*Input records:*
-----

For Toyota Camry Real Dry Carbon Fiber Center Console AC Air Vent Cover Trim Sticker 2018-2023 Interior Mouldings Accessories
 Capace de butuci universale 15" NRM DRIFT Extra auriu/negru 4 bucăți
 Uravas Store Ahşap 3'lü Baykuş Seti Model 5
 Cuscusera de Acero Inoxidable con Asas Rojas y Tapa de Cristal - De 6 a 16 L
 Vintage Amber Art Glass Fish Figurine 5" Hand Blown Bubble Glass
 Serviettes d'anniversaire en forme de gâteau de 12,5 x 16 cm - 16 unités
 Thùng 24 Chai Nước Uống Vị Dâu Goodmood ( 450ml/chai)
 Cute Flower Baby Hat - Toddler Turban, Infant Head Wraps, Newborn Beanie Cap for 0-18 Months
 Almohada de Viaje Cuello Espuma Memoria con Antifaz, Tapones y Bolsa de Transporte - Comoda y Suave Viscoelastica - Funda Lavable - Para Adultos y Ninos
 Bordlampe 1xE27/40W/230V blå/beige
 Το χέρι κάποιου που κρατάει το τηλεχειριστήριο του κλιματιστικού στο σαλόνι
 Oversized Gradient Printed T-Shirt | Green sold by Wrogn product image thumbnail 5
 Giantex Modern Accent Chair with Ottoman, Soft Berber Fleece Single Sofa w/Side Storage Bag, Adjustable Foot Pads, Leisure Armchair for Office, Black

-----

*Your assignment:*
The entries above must be returned in full, exactly as shown.

*Solved exercise:*
For Toyota Camry Real Dry Carbon Fiber Center Console AC Air Vent Cover Trim Sticker 2018-2023 Interior Mouldings Accessories
 Capace de butuci universale 15" NRM DRIFT Extra auriu/negru 4 bucăți
 Uravas Store Ahşap 3'lü Baykuş Seti Model 5
 Cuscusera de Acero Inoxidable con Asas Rojas y Tapa de Cristal - De 6 a 16 L
 Vintage Amber Art Glass Fish Figurine 5" Hand Blown Bubble Glass
 Serviettes d'anniversaire en forme de gâteau de 12,5 x 16 cm - 16 unités
 Thùng 24 Chai Nước Uống Vị Dâu Goodmood ( 450ml/chai)
 Cute Flower Baby Hat - Toddler Turban, Infant Head Wraps, Newborn Beanie Cap for 0-18 Months
 Almohada de Viaje Cuello Espuma Memoria con Antifaz, Tapones y Bolsa de Transporte - Comoda y Suave Viscoelastica - Funda Lavable - Para Adultos y Ninos
 Bordlampe 1xE27/40W/230V blå/beige
 Το χέρι κάποιου που κρατάει το τηλεχειριστήριο του κλιματιστικού στο σαλόνι
 Oversized Gradient Printed T-Shirt | Green sold by Wrogn product image thumbnail 5
 Giantex Modern Accent Chair with Ottoman, Soft Berber Fleece Single Sofa w/Side Storage Bag, Adjustable Foot Pads, Leisure Armchair for Office, Black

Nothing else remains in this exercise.